The best Microsoft Excel alternative for Indian traders
Considering Microsoft Excel? Here is a detailed look at pricing, features and exactly what Trade Diary offers that Microsoft Excel does not—so you can pick the trading journal that actually fits your workflow.
Why traders look for a Microsoft Excel alternative
Traders often search for a Microsoft Excel alternative when the tool no longer matches how they trade or review performance. Microsoft Excel is best known for maximum formulas, modelling and customization and typically suits power users building custom systems, with pricing described as microsoft 365 / license and market coverage across any market you model. The common gap is simple: manual maintenance and fragile formulas. Trade Diary is a purpose-built trading journal for Indian NSE, BSE and F&O traders that combines structured journaling, setup and mistake tagging, screenshots, psychology tracking, AI-assisted insights, automatic analytics and a built-in paper trading simulator—priced in INR with a free plan. This page compares both tools on pricing and features, and lists precisely what Trade Diary offers that Microsoft Excel does not, so you can judge whether switching is worth it for your trading.

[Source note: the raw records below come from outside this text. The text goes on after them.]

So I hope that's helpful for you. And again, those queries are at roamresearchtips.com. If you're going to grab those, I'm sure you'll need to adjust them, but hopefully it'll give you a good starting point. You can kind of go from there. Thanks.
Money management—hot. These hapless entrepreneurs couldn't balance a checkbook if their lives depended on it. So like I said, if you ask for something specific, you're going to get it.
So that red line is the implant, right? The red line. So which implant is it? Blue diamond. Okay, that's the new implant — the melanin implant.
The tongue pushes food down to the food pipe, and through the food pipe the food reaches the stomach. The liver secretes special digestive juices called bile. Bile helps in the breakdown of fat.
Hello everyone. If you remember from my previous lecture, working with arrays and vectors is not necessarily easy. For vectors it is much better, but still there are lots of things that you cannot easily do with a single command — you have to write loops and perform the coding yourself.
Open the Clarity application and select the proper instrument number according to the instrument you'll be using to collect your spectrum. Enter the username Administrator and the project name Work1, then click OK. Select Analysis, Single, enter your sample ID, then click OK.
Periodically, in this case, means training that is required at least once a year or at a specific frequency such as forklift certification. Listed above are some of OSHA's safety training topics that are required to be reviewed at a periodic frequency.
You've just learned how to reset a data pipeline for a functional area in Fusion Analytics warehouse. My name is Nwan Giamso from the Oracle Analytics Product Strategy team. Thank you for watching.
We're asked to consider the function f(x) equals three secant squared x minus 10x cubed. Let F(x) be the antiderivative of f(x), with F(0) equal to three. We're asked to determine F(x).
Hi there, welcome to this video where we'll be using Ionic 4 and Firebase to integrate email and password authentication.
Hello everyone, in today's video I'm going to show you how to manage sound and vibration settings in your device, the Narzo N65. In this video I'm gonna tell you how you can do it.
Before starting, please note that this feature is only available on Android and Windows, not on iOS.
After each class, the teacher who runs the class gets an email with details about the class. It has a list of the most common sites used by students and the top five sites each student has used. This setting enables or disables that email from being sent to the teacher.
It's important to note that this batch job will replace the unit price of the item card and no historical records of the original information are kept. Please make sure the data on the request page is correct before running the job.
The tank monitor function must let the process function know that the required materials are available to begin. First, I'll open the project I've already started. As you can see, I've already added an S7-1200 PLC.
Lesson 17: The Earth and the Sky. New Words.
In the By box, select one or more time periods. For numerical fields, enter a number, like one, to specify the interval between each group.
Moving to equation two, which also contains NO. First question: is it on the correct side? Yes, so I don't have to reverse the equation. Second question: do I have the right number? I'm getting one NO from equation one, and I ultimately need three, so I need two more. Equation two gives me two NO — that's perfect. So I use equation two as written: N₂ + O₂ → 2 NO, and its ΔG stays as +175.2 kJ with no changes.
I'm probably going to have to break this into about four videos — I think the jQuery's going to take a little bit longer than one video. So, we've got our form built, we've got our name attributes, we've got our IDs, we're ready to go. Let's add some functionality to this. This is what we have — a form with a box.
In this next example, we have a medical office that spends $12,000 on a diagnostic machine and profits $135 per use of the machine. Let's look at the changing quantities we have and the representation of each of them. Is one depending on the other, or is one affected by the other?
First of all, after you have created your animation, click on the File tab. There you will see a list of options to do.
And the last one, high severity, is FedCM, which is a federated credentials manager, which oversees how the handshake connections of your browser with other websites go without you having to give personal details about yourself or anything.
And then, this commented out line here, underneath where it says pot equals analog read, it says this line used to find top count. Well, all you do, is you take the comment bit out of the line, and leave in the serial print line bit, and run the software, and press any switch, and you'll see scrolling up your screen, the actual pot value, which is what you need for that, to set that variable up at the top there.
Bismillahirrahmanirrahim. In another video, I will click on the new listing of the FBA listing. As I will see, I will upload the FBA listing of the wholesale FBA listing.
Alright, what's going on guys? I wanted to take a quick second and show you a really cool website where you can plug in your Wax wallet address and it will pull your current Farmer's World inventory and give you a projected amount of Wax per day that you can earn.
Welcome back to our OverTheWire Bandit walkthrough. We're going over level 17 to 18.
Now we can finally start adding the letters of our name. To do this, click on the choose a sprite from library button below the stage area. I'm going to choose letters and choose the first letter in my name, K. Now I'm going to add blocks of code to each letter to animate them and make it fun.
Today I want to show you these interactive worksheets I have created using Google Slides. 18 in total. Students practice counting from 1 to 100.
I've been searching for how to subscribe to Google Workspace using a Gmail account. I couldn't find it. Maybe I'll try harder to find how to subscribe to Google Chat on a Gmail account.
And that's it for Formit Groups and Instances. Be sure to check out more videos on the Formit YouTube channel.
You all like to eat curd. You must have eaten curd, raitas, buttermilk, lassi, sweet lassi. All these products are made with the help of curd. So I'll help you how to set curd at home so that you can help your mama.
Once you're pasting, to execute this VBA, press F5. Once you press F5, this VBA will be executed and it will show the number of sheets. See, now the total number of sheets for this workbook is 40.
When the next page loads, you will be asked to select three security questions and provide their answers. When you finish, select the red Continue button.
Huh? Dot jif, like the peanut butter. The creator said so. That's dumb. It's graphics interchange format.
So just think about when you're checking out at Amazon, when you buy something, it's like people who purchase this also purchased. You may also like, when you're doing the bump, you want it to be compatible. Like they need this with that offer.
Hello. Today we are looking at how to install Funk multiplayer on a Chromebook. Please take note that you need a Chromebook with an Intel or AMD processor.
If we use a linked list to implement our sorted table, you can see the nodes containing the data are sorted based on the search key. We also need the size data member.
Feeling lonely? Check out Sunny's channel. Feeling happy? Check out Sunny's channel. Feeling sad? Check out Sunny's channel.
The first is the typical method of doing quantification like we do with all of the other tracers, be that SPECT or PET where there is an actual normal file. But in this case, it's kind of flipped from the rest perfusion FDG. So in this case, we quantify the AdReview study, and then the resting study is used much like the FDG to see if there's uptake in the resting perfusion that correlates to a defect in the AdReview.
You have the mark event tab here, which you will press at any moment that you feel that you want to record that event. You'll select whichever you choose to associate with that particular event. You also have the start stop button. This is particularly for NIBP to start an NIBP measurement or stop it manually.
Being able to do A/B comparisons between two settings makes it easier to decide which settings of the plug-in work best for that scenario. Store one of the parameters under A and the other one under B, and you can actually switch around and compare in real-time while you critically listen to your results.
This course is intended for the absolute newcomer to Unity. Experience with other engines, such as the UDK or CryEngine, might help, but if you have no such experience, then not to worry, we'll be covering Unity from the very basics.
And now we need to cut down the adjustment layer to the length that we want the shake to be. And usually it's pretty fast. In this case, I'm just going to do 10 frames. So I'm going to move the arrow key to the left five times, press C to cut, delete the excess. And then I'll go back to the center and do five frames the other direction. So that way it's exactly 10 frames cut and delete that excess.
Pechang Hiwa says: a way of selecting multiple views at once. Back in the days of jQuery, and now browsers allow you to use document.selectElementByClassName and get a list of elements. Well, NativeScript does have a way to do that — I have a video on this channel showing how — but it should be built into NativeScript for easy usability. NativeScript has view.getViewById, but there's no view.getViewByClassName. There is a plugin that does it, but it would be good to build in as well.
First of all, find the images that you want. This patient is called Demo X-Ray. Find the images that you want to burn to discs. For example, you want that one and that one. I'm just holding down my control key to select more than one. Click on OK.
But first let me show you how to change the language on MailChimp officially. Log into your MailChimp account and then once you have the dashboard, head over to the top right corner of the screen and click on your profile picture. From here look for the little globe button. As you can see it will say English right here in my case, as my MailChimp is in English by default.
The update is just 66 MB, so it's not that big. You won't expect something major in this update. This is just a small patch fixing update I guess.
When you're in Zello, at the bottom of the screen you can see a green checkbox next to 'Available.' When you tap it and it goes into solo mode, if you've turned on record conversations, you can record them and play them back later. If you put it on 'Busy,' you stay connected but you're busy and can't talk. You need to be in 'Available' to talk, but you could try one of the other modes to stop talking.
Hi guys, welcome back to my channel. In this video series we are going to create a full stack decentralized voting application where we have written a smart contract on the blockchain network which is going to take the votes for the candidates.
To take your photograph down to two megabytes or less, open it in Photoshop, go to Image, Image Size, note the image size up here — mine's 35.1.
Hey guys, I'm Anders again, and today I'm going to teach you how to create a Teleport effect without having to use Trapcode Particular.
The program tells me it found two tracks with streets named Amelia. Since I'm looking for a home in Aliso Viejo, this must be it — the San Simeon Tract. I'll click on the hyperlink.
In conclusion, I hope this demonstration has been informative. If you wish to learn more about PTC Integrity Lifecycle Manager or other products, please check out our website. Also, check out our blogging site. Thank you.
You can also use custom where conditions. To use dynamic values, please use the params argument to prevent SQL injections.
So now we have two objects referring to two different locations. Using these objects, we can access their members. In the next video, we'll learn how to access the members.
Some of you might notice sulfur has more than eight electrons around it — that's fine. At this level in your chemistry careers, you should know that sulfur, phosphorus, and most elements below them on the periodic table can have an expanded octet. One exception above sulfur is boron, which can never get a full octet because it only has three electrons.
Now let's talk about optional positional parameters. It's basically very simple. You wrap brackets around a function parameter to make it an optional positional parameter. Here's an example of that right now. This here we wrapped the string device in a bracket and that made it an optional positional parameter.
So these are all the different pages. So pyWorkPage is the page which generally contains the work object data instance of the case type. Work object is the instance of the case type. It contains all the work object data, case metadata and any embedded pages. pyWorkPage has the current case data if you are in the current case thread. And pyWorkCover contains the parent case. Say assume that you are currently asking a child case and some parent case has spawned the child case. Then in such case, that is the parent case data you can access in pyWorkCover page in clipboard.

Trade Diary vs Microsoft Excel pricing
Pricing models change and international tools often bill in USD. Compare the model, not just the sticker price, and verify current terms before you commit.
What Trade Diary offers that Microsoft Excel does not
These are the capabilities Indian traders most often miss in Microsoft Excel—and the main reasons they switch to Trade Diary.
Zero setup and no formulas: Trade Diary gives automatic analytics, an equity curve and win-rate out of the box, while Microsoft Excel needs you to build and maintain everything by hand.
Nothing to break: Trade Diary's structured data will not break like formulas or linked cells in Microsoft Excel as your trade log grows.
Trading-specific features built in: Trade Diary ships screenshot journaling, setup tags, psychology and mistake tracking that you would otherwise have to design yourself in Microsoft Excel.
AI insights: Trade Diary analyses your trades automatically, while Microsoft Excel has no native trading intelligence.
Paper trading and guided reviews: Trade Diary includes a paper trading simulator and a weekly review workflow that a blank Microsoft Excel document cannot provide.
Trade Diary vs Microsoft Excel at a glance
A quick capability check. Availability in Microsoft Excel can vary by plan, broker and region.
Trade Diary and Microsoft Excel across six dimensions
Pricing & value
Markets
Imports & data
AI & analytics
Replay & practice
Mobile access
Switch to Trade Diary or stay with Microsoft Excel
Switch to Trade Diary if…
- You trade Indian markets (NSE, BSE, F&O) and want INR-first reporting.
- You want journaling, psychology, mistake tracking and analytics in one affordable tool.
- You prefer a low-maintenance, purpose-built workflow over productivity and database tools limitations.
- You value a built-in paper trading simulator and a guided weekly review.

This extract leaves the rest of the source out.